Especially if something has occurred to journal or blog of a morning, I avoid opening email or news first thing, as doing so instantly sweeps the mind. Best avoided, the outside world shades, dims, ability to focus. Bibel und Zeitung doesn’t always work well this early. Meaning to have a go at today’s gospel, I quickly browsed today’s news anyway, and that was that. Luke would have been better:
Gospel, Luke 13:1-9
1 It was just about this time that some people arrived and told him about the Galileans whose blood Pilate had mingled with that of their sacrifices. At this he said to them, 2 'Do you suppose that these Galileans were worse sinners than any others, that this should have happened to them? 3 They were not, I tell you. No; but unless you repent you will all perish as they did. 4 Or those eighteen on whom the tower at Siloam fell, killing them all? Do you suppose that they were more guilty than all the other people living in Jerusalem? 5 They were not, I tell you. No; but unless you repent you will all perish as they did.’

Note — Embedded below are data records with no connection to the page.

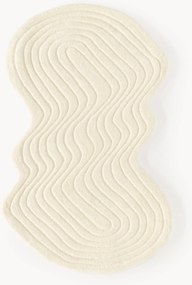 Tapete em lã artesanal com forma orgânica Aliza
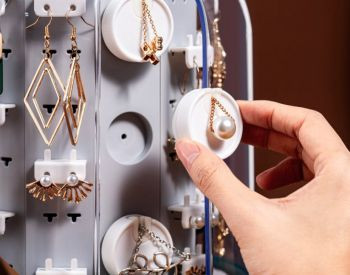 იყიდება სამკაულების (ბეჭდების) სათავსო თბილისი - photo 6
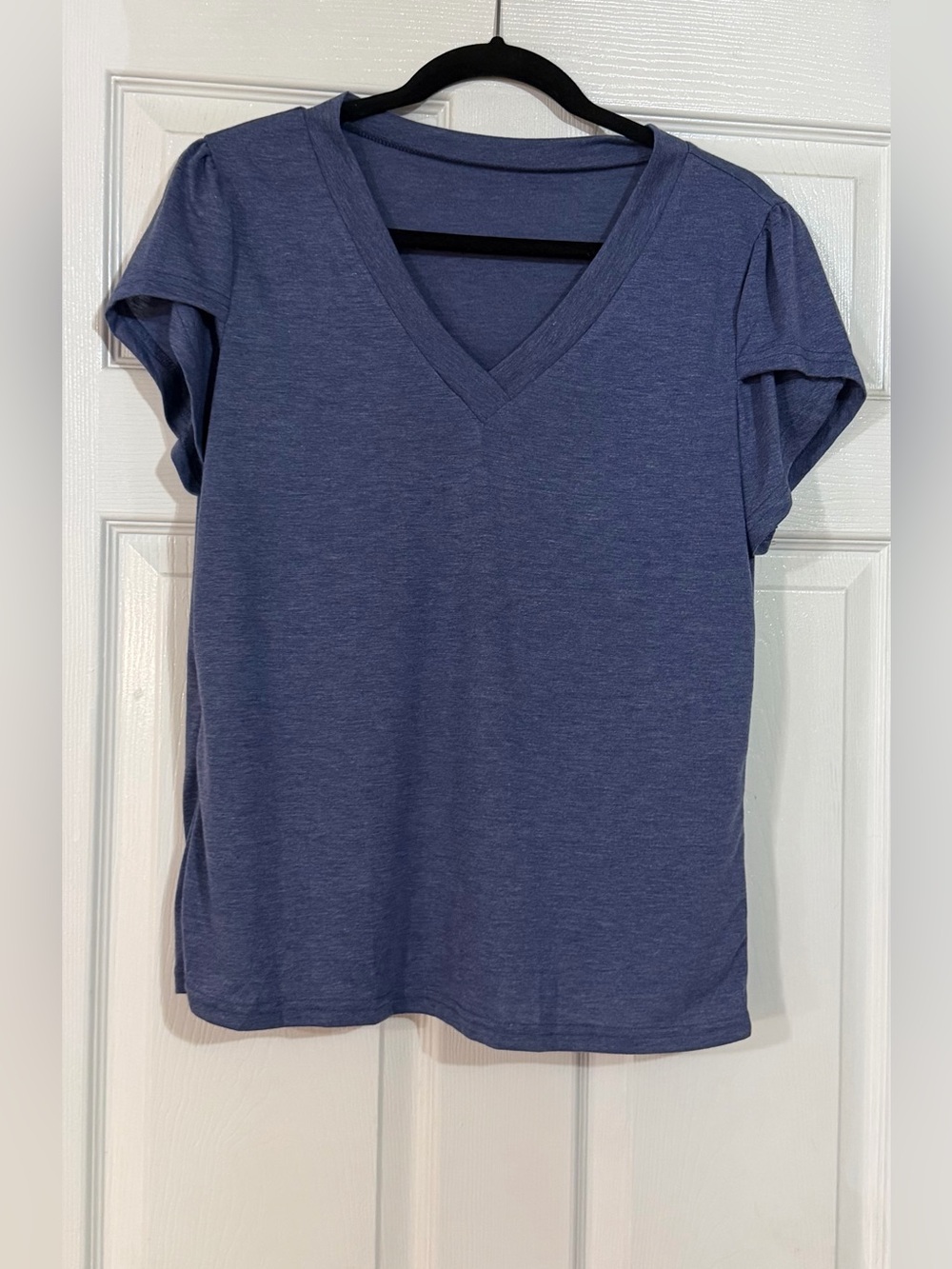 Women's blue v-neck short ruffle sleeve shirt size Large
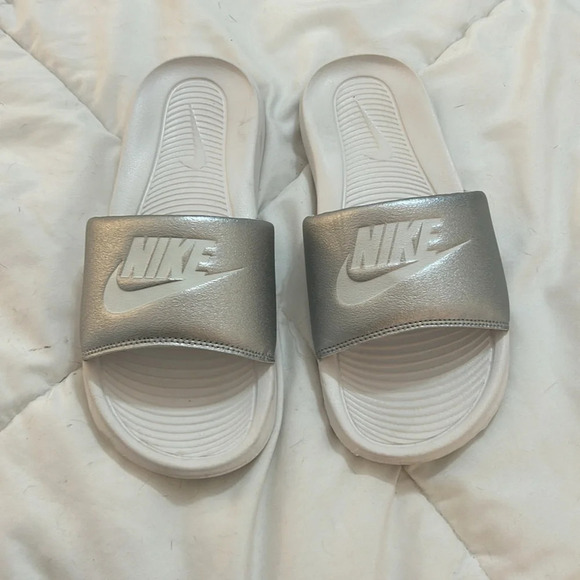 Nike Silver Men's Victori One Shower Squash Shoe size 8 slide - Picture 2 of 5
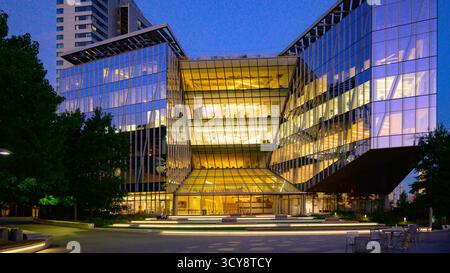 Roosevelt Island, New York, États-Unis d'Amérique - 15 octobre 2025 - architecture moderne en verre au coucher du soleil – Tata innovation Center, New York City Banque D'Images
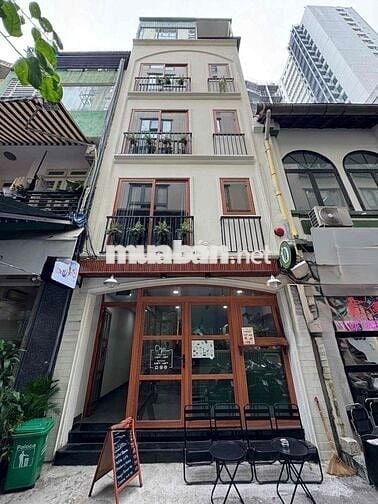 Nhà mặt tiền Thành Thái Quận 10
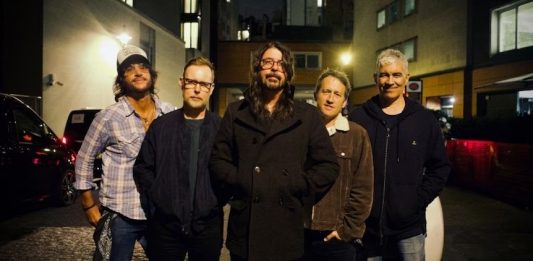 Foo Fighters estrena su álbum 'But Here We Are'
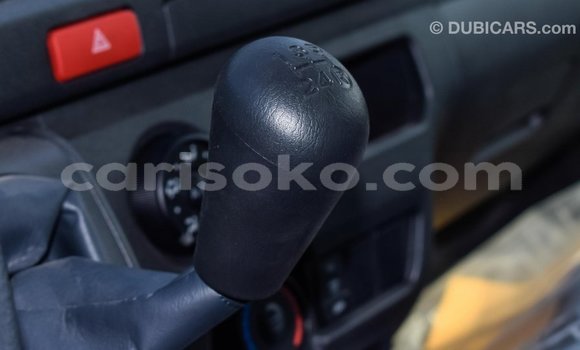 Acheter Import Voiture Toyota Hiace Blanc à Import - Dubai, Rwanda Acheter Import Voiture Toyota Hiace Blanc à Import - Dubai, Rwanda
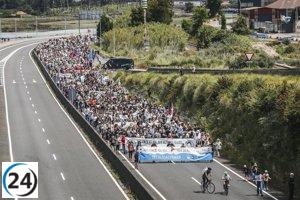 Protestas multitudinarias en Pontevedra exigen el cierre de ENCE y rechazan la llegada de Altri a Palas de Rei.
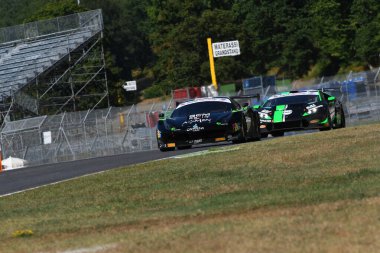 Mugello Pisti, İtalya - 15 Temmuz 2017: Ferrari 458 GT3 Kolay Yarış Takımı LA MAZZA Francesco - MAGLI Marco, Campionato Italiano GT Mugello Pisti.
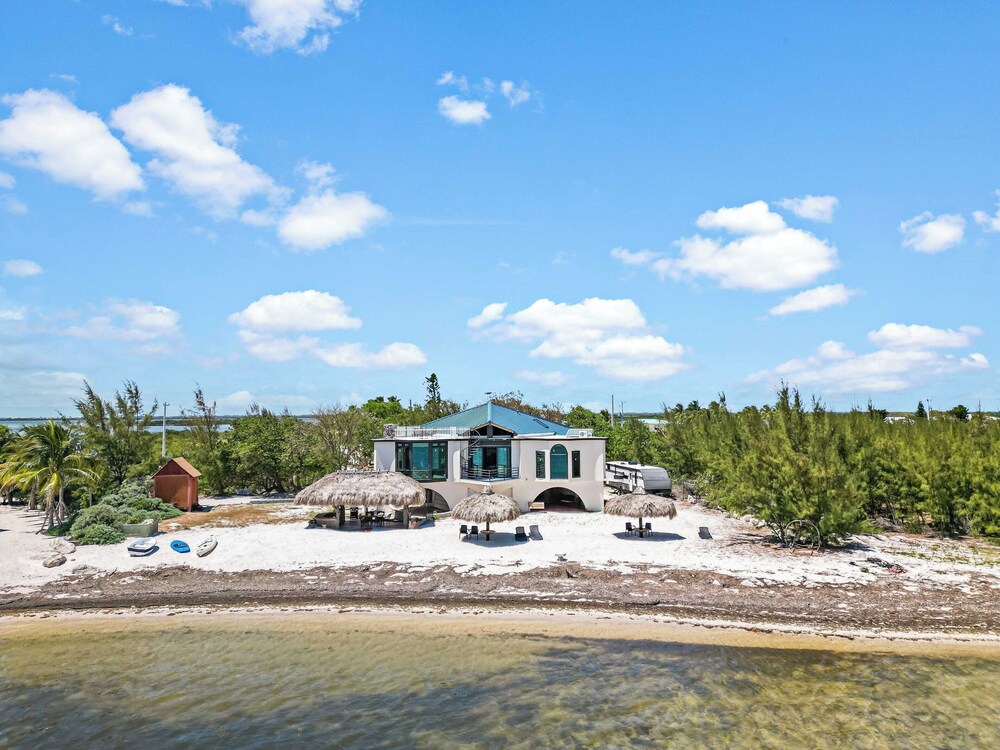 Barnacle Resort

6 He told this parable, 'A man had a fig tree planted in his vineyard, and he came looking for fruit on it but found none. 7 He said to his vinedresser, "For three years now I have been coming to look for fruit on this fig tree and finding none. Cut it down: why should it be taking up the ground?" 8 "Sir," the man replied, "leave it one more year and give me time to dig round it and manure it: 9 it may bear fruit next year; if not, then you can cut it down.”
That, at least the parable (13:6-9), could easily be taken into the politics of the presidential election. I hugely disappreciate hesitant micromanagement of war, and I'm uneasy about all the manure being spread around the nonproductive fig tree; but I’m most wary of what is seeming to be meant by the slogan “make America great again,” and slogans are just the beginnings of the birthpangs. America is great, and my German is not good enough to follow the link I uneasily sense between early 20th century and early 21st century maniacal rubbish, not to repeat skybalon, being passed as rhetoric; and it seems true that hysterically shouting loud and confident still brings the crowds to their feet saluting and screaming. Run it up the flagpole and see if anyone salutes, and sure enough, they do. God help us. Please.
At this point in Luke’s gospel, Jesus is on his way to Jerusalem, teaching, healing, preaching along the way. Looking back at what precedes “it was just about this time” confirms that some of the preaching is discomfitingly apocalyptic. Who besides me is uneasy no matter what or who?